### TASK DESCRIPTION
Please return all records verbatim, no pictures.

------ PROVIDED ENTRIES

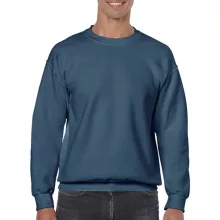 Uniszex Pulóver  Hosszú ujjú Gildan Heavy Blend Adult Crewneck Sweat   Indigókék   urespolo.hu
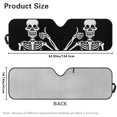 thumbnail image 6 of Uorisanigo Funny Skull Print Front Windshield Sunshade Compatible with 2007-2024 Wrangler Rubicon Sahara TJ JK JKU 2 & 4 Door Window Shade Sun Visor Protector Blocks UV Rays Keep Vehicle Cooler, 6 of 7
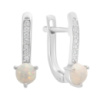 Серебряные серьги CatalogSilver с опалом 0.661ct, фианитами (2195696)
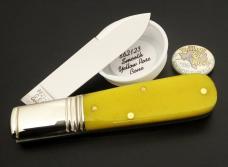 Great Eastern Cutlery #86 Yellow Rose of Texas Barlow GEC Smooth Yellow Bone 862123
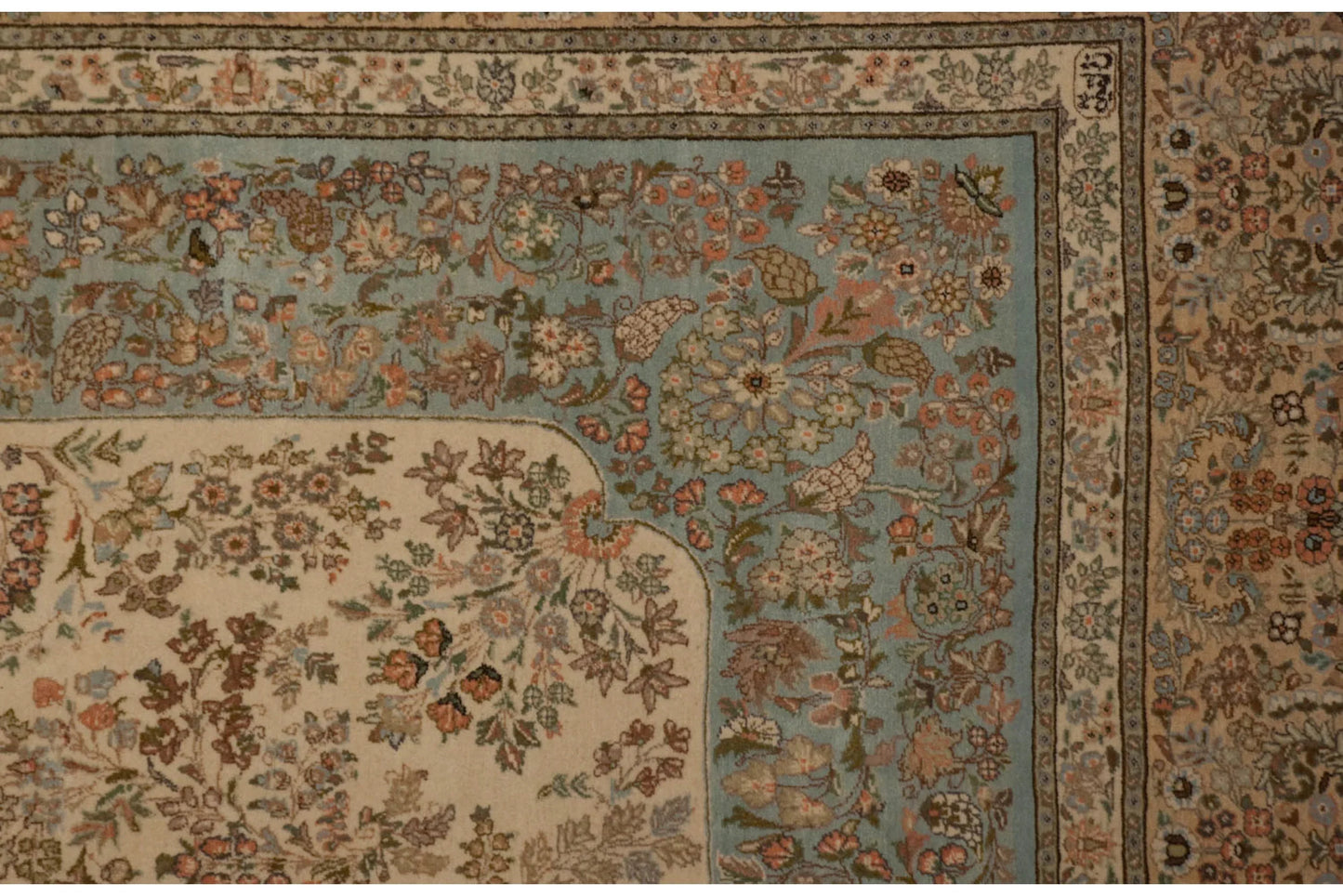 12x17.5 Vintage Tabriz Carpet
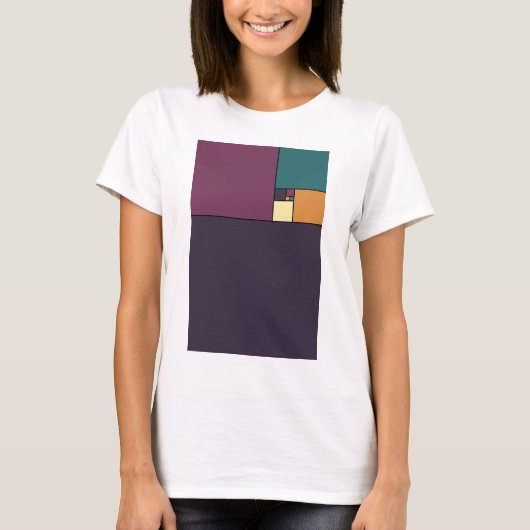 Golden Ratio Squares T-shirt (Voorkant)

------------

### RESULT OF THE EXERCISE
 Uniszex Pulóver  Hosszú ujjú Gildan Heavy Blend Adult Crewneck Sweat   Indigókék   urespolo.hu
 thumbnail image 6 of Uorisanigo Funny Skull Print Front Windshield Sunshade Compatible with 2007-2024 Wrangler Rubicon Sahara TJ JK JKU 2 & 4 Door Window Shade Sun Visor Protector Blocks UV Rays Keep Vehicle Cooler, 6 of 7
 Серебряные серьги CatalogSilver с опалом 0.661ct, фианитами (2195696)
 Great Eastern Cutlery #86 Yellow Rose of Texas Barlow GEC Smooth Yellow Bone 862123
 12x17.5 Vintage Tabriz Carpet
 Golden Ratio Squares T-shirt (Voorkant)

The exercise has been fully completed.